And in the case of Jesse James, legend is often all there is. Even while his gang robbed banks and trains across the central Midwest after the Civil War, lawmen only vaguely knew what he looked like. Folklore portrayed Jesse as a Robin Hood who gave farmers the money he stole from oppressive railroad barons and Yankee bankers. He left press releases about his robberies, and he has inspired shelves of books and more than 30 movies (including the upcoming The Assassination of Jesse James, starring Brad Pitt, who grew up in Missouri). But while you still can visit Jesse's haunts from Missouri to Minnesota, the truth remains elusive.

I start unraveling the story in St. Jo with Gary. His James research goes all the way back to an interview in the early 1970s with a nearly 100-year-old man who saw Jesse's body on a school field trip to the mortuary. I ask which popular image is true: Was Jesse a Confederate knight who kept harassing wealthy Yankees after the war? Or was he a murdering robber with a knack for self-promotion?

"Jesse James was not Robin Hood," Gary says, unreeling a speech he's obviously given before. "He was a cold-blooded killer. He didn't rob and give to the poor. He robbed and kept the money for himself. He learned how to kill during the war and was too lazy to be a farmer. And he wasn't a particularly good outlaw. He lived hand to mouth."

I note one strike against Crusading Knight and head 35 miles southeast to Kearney, a growing town just northeast of Kansas City's suburbs. Jesse grew up three miles outside of town on a farm his family occupied until 1959.

The restored home (the original white cabin and an addition) sits far back from the highway and the farm's museum. A low, shadowy porch brow adds to the sense of a place keeping its distance from the outside world.

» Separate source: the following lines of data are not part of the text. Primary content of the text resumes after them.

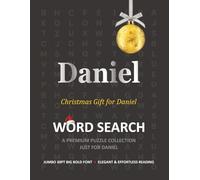 Daniel Christmas Gift Personalized Word Search Book with Extra-Large 30pt Print for Adults and Seniors: Easy to Read Festive Present featuring Themed Puzzles for Holiday Relaxation and Stress Relief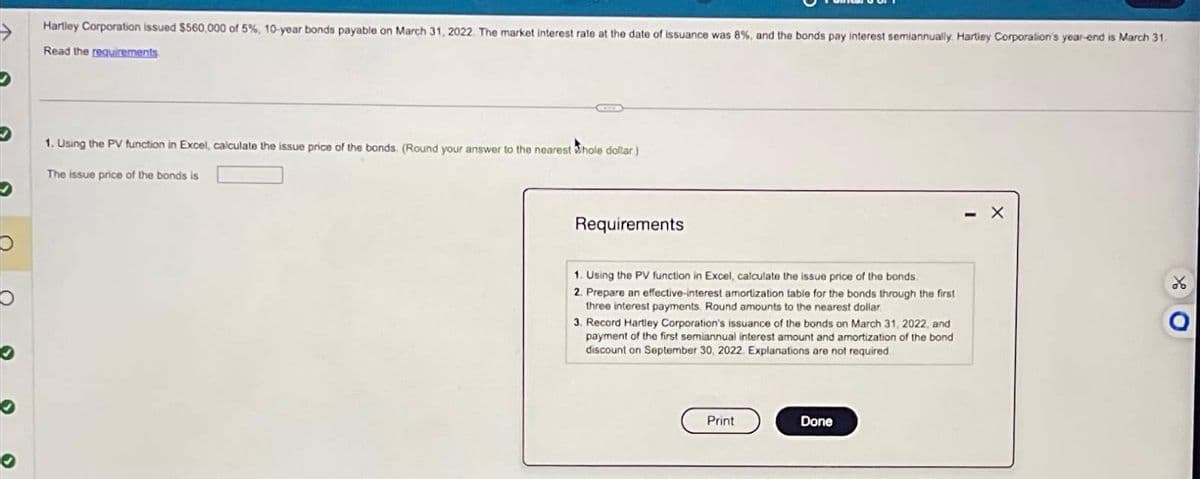 Hartley Corporation issued $560,000 of 5%, 10-year bonds payable on March 31, 2022. The market interest rate at the date of issuance was 8 %, and the bonds pay interest semiannually. Hartley Corporation's year-end is March 31.
Read the requirements
1. Using the PV function in Excel, calculate the issue price of the bonds. (Round your answer to the nearest Whole dollar)
The issue price of the bonds is
Requirements
1. Using the PV function in Excel, calculate the issue price of the bonds
2. Prepare an effective-interest amortization table for the bonds through the first
three interest payments. Round amounts to the nearest dollar.
3. Record Hartley Corporation's issuance of the bonds on March 31, 2022, and
payment of the first semiannual interest amount and amortization of the bond
discount on September 30, 2022 Explanations are not required
Print
Done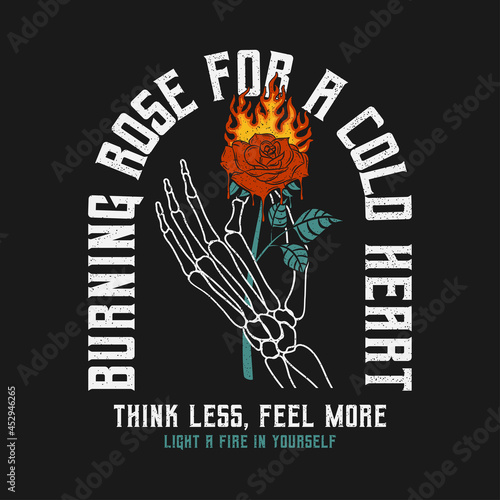Skeleton hand holding burning rose with slogan for t-shirt design. Rose flower that melts with flame in skeleton arm, typography graphics for tee shirt, vintage apparel print with grunge. Vector.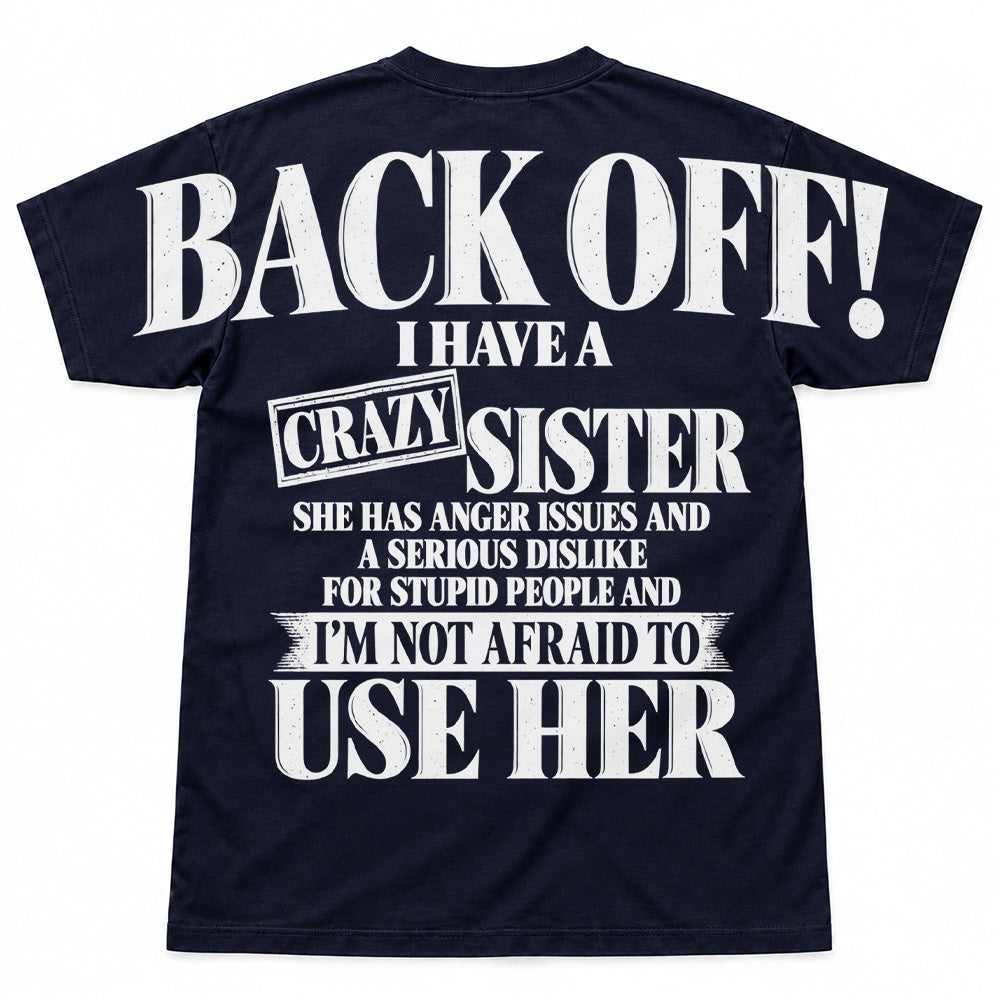 Back Off! I Have A Crazy Sister Shirts - Oversized Shoulder Print, Gift for Sister T24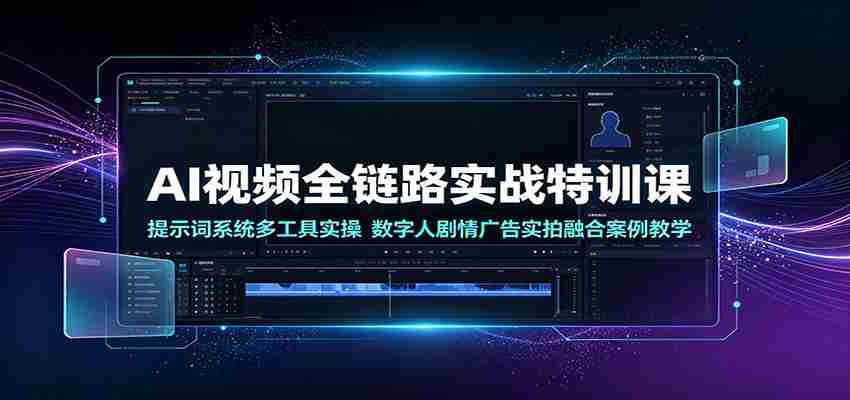 AI视频全链路实战特训课:提示词系统多工具实操,数字人剧情广告实拍融合案例教学-晓懂云创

In the dim kitchen, I inhale the scent of ancient wood smoke and listen to Rebecca Prestwood, an assistant historic sites director talking about this room's former mistress. Jesse's mother, Zerelda, was an imposing woman who stood 6 feet tall. After weathering Yankee atrocities (including hanging her husband in the cabin's yard), she named her daughter after a Confederate guerrilla leader. She lost an 8-year-old son and part of her arm in a violent detective raid on her house. When Jesse died, Zerelda buried him in her yard under a gravestone announcing he was murdered by a coward. She watched the headstone from her bed and sold pebbles from the grave to tourists.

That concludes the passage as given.